Recent evidence of corruption at the University of North Carolina:
"For 18 years, thousands of students at the prestigious University of North Carolina took fake "paper classes," and advisers funneled athletes into the program to keep them eligible, according to a scathing independent report released Wednesday."
Given that NCAA is brutally tough when athletics programs "lose institutional control" (see USC, Ohio St. etc) because players took some cash on the side, we can expect the hammer on UNC right?
Ummmm. Silence from the NCAA.
The more complex and generous answer is that that is the problem with imposing draconian laws for something that is arguably not wrong. If you impose bowl bans for players making a little money on the side, what possible punishment would be fair for 18 years of institutional corruption of the charade known as "student athletes." Permanent ban. But of course the NCAA will not do that or anything even remotely close.
The simpler answer is that the NCAA is a corrupt monopoly where morals, ethics, and consistency are all casualties of maximizing profits for the NCAA. When students take money on the side, it undercuts the NCAA's profits so in their world view, that is the real crime. On the other hand, academic corruption allows "should be professional athletes" to be "student athletes" and make money for the NCAA. Nothing to see here folks, move along.

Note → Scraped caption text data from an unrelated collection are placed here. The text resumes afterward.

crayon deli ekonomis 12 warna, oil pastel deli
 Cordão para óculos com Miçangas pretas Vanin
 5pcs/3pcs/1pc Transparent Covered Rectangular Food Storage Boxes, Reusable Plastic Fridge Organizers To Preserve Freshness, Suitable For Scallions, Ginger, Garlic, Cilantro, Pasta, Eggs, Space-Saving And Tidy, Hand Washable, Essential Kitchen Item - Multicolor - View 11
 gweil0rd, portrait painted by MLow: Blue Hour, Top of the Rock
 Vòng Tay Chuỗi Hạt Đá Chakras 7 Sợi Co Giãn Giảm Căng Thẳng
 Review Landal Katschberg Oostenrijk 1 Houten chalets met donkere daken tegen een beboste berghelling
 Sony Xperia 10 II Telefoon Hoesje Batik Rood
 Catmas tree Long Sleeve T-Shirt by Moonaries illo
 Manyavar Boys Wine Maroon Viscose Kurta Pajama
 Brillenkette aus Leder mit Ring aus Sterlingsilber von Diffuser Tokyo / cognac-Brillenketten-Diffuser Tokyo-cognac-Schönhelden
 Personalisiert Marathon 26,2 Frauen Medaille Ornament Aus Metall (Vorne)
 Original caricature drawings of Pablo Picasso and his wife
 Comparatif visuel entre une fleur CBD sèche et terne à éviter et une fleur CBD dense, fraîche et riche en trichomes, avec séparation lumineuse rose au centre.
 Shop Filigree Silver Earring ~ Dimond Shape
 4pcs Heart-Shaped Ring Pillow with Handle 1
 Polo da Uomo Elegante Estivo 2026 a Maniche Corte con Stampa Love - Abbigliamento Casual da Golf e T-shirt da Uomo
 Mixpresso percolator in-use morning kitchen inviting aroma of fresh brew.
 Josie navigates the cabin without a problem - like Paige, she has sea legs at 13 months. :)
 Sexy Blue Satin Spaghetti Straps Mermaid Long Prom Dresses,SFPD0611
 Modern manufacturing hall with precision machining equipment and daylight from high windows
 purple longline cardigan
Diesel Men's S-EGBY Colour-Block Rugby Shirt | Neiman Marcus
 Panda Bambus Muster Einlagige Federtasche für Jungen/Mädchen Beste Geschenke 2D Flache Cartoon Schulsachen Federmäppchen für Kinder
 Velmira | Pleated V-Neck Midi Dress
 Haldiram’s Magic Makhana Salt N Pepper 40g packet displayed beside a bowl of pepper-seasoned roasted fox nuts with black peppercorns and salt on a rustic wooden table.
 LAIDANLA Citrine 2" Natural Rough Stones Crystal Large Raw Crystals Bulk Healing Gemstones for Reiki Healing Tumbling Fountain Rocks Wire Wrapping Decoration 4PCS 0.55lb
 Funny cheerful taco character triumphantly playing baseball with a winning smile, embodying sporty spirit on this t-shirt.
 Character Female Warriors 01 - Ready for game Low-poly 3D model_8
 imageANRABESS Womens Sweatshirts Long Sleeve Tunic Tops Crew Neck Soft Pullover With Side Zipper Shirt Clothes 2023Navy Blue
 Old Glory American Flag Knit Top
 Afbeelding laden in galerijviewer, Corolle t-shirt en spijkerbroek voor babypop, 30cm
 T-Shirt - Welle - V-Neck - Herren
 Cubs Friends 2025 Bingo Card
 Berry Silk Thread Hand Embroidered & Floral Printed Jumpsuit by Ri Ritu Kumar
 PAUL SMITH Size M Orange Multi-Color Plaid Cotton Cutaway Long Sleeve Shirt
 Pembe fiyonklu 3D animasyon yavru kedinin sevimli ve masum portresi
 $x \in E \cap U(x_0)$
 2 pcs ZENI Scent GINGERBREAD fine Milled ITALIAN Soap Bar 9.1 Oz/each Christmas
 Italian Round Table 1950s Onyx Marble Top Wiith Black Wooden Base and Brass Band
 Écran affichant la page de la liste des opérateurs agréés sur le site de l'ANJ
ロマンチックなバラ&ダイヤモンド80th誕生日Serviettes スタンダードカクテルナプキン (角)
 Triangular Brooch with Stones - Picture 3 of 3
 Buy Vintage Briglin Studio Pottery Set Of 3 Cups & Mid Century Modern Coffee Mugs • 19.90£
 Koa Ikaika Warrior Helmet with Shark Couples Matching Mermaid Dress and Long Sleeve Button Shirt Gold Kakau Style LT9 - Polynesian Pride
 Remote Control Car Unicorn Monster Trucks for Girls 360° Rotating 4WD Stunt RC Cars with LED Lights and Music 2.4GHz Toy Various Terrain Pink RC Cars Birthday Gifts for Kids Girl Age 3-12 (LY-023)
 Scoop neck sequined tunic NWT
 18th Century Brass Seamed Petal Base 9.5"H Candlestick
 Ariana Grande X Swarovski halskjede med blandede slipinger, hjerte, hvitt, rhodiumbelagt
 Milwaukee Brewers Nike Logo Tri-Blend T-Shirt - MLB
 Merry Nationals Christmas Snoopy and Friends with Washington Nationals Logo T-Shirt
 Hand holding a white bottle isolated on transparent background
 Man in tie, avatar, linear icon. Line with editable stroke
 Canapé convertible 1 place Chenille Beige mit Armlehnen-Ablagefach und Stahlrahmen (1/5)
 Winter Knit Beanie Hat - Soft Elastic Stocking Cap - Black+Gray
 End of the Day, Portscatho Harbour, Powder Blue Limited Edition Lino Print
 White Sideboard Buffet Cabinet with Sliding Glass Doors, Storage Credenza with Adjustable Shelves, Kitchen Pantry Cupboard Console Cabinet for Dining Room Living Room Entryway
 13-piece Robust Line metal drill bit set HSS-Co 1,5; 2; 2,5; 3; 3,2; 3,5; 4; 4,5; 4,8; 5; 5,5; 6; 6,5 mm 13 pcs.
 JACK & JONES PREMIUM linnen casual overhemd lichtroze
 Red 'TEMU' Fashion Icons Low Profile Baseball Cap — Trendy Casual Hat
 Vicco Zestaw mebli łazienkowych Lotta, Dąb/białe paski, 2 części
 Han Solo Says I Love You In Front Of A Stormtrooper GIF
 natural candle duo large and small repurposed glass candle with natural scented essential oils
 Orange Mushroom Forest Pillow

In this country that loves free markets, let me count the ways that college football is like Soviet-style communism:
(i) the NCAA is like the communist party; a monopoly that arbitrarily assigns punishment depending on whether it benefits;
(ii) all workers get the same wage (stipends, scholarships) no matter their relatives capabilities, some well below their market value;
(iii) the senior members of the party appropriate the rents (coaches, NCAA executives, etc);
(iv) restrictions on the labor market (players are not eligible to enter the NFL draft for 4 years until the graduate high school!). How else can you get the best players to come to college and earn $0? By not allowing them the opportunity that every other person in the US has: become a professional and earn money for their craft. Also, "student-athletes" must sit out a year of eligibility when they transfer schools (while coaches have no such restrictions).
I am disgusted by the NCAA and will be avoiding their products.